Horatius Bonar, had a passionate heart for revival and was a friend and supporter of several revivalists, He was brother to the more well-known Andrew Bonar, and with him defended D. L. Moody's evangelistic ministry in Scotland. He authored a couple of excellent revival works, one including over a hundred biographical sketches and the other an addendum to Rev. John Gillies' 'Historical Collections...' bringing it up to date.
He was a powerful soul-winner and is well qualified to pen this brief, but illuminating study of the character of true revivalists.
Horatius was in fact one of eleven children, and of these an older brother, John James, and a younger, Andrew, also became ministers and were all closely involved, together with Thomas Chalmers, William C. Burns and Robert Murray M'Cheyne, in the important spiritual movements which affected many places in Scotland in the 1830s and 1840s.
In the controversy known as the "Great Disruption," Horatius stood firmly with the evangelical ministers and elders who left the Church of Scotland's General Assembly in May 1843 and formed the new Free Church of Scotland. By this time he had started to write hymns, some of which appeared in a collection he published in 1845, but typically, his compositions were not named. His gifts for expressing theological truths in fluent verse form are evident in all his best-known hymns, but in addition he was also blessed with a deep understanding of doctrinal principles.

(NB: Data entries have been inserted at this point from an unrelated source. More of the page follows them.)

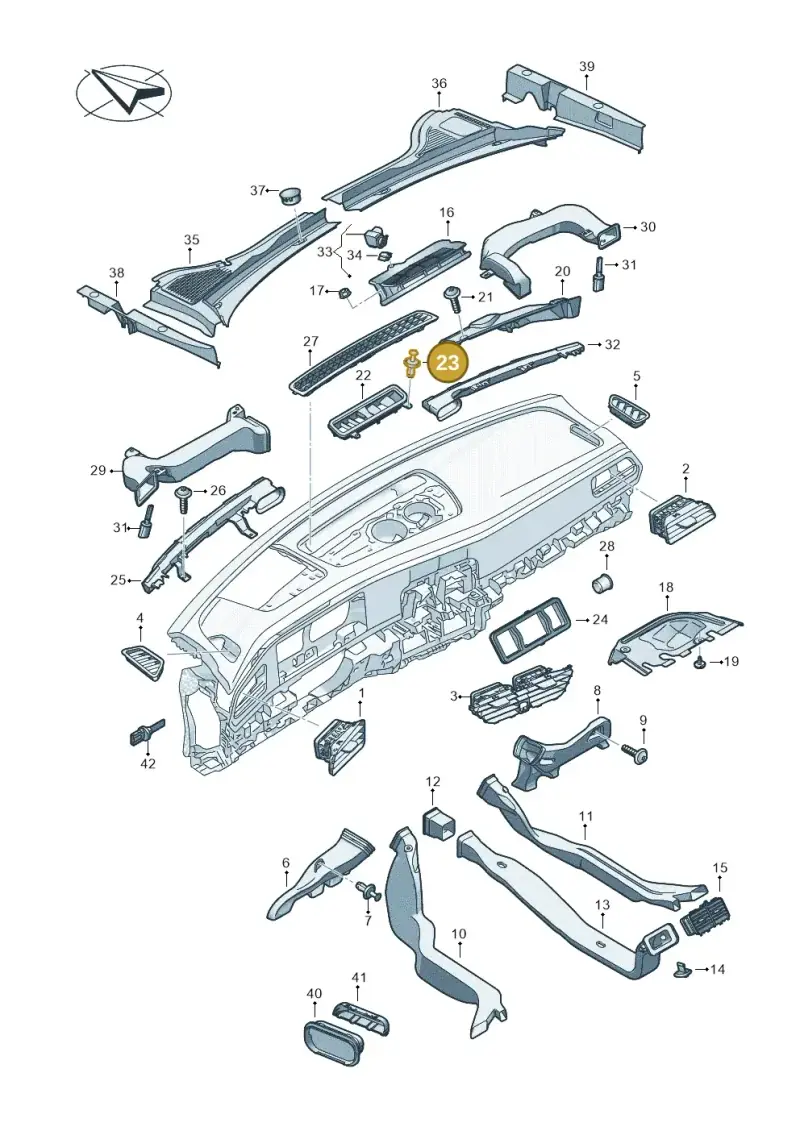 N91158501 — Volkswagen Passat estate (2023-) diagram 3j0819300, position 23
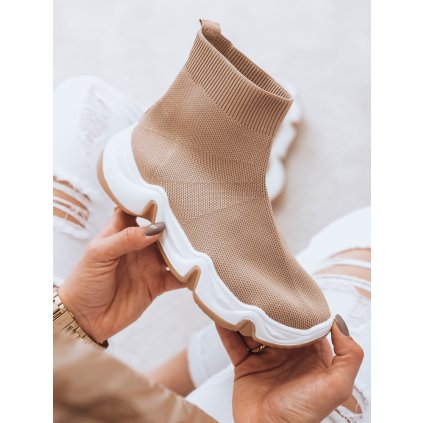 Ponožkové boty dámské SOCKY khaki Dstreet ZY0114 (Velikost 38, Barva Khaki)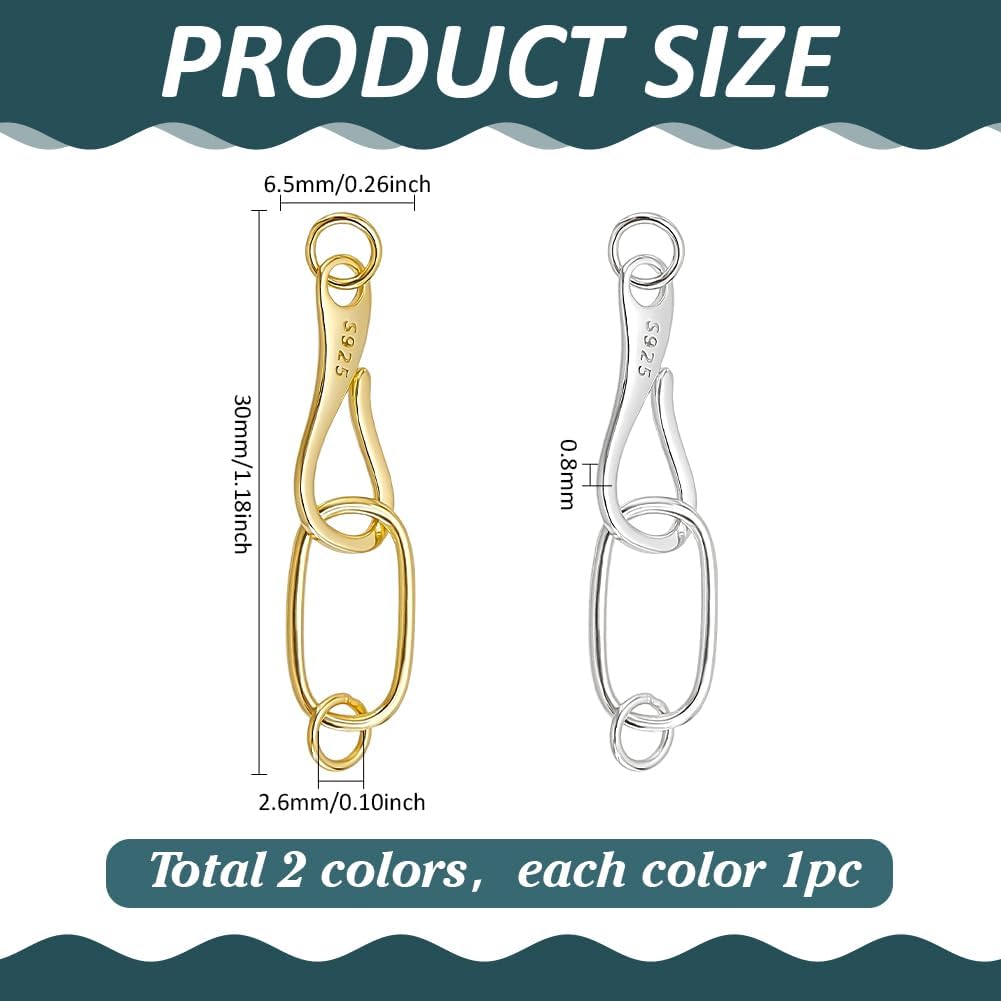 PH PandaHall 2PCS 925 Sterling Silver Oval Hook Clasps, S Hook Ring Jewelry Clasps and Eye Clasp Ring Clasp Connectors for Necklace Bracelet Pendant Purse Making Keychain Crafts, Platinum Golden - Image 2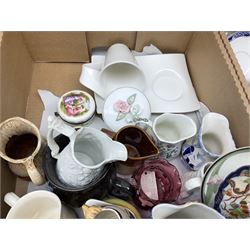 Quantity of various ceramics and glassware to include pair of Disney Mickey and Minnie Mouse cowboy Sherriff figures, stamped Japan beneath, Mason's ironstone, Wedgwood, Portmeirion, tea and dinner wares, collectors plates, glass animals etc in four boxes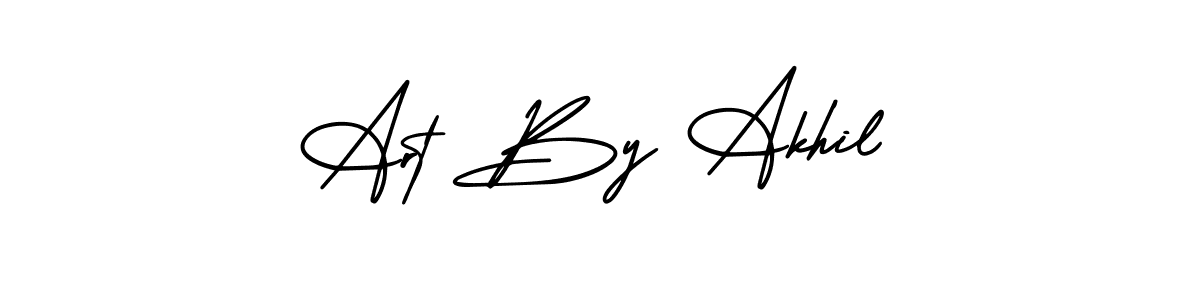 You should practise on your own different ways (AmerikaSignatureDemo-Regular) to write your name (Art By Akhil) in signature. don't let someone else do it for you. Art By Akhil signature style 3 images and pictures png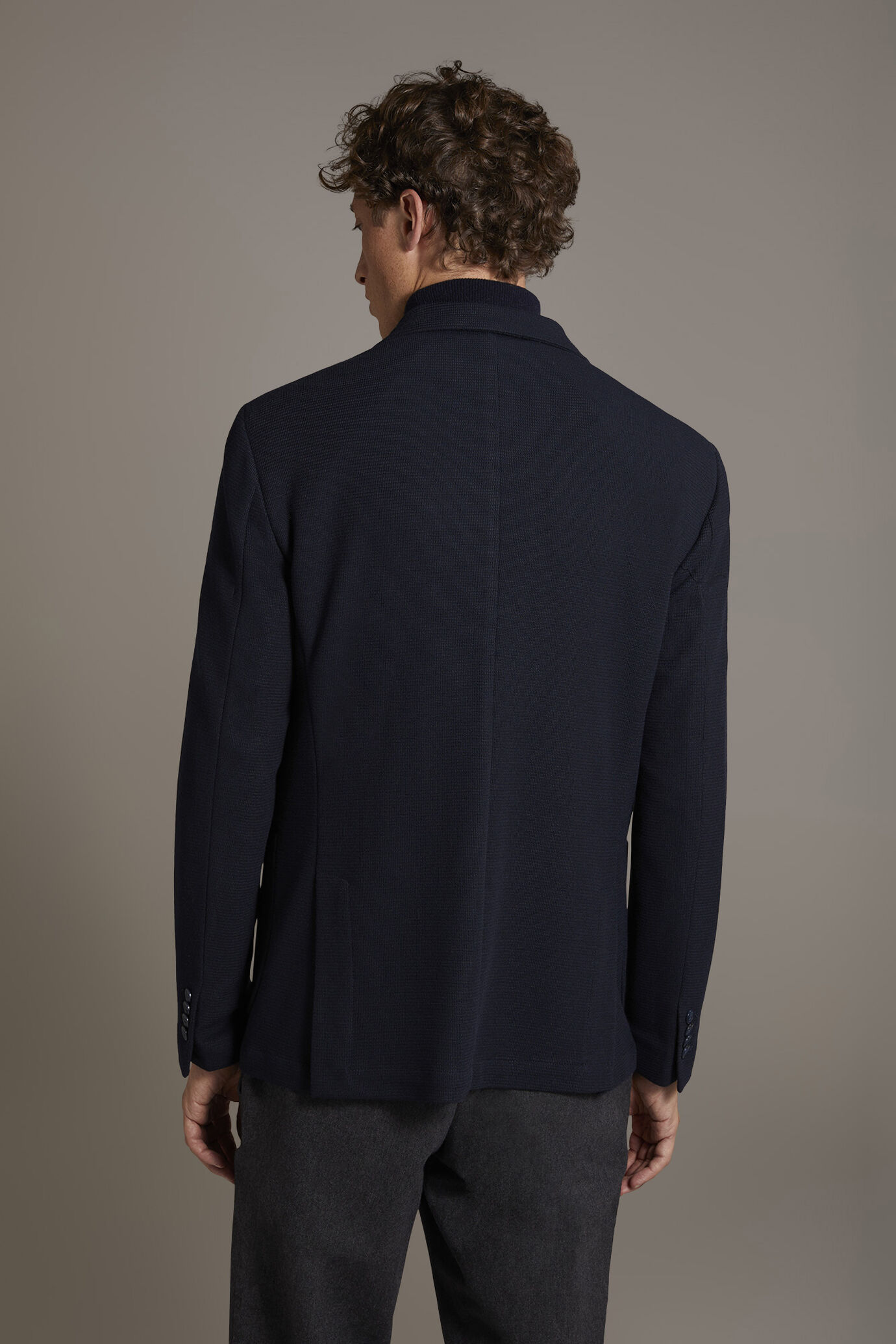Single-breasted jersey jacket with patch pockets made in Italy image number 4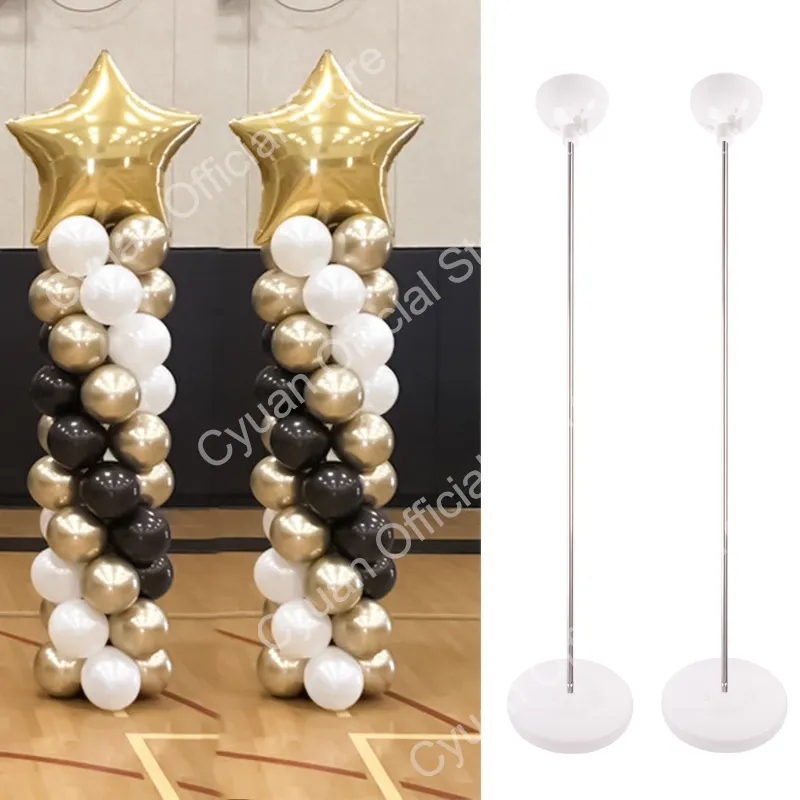 1/2set Adjustable Balloon Column Stand Metal Balloon Stand Holder with Plastic Base for Wedding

Examples of the hymns he composed on the fundamental doctrines include, "Glory be to God the Father".....on the Trinity. "0 Love of God, how strong and true".....on Redemption. "Light of the world," - "Rejoice and be glad" - "Done is the work" on the Person and Work of Christ. "Come Lord and tarry not," on His Second Coming, while the hymn "Blessed be God, our God!" conveys a sweeping survey of Justification and Sanctification.
In all this activity, his pastoral work and preaching were never neglected and after almost twenty years labouring in the Scottish Borders at Kelso, Bonar moved back to Edinburgh in 1866 to be minister at the Chalmers Memorial Chapel (now renamed St. Catherine's Argyle Church). He continued his ministry for a further twenty years helping to arrange D.L. Moody's meetings in Edinburgh in 1873 and being appointed moderator of the Free Church ten years later. His health declined by 1887, but he was approaching the age of eighty when he preached in his church for the last time, and he died on 31 May 1889.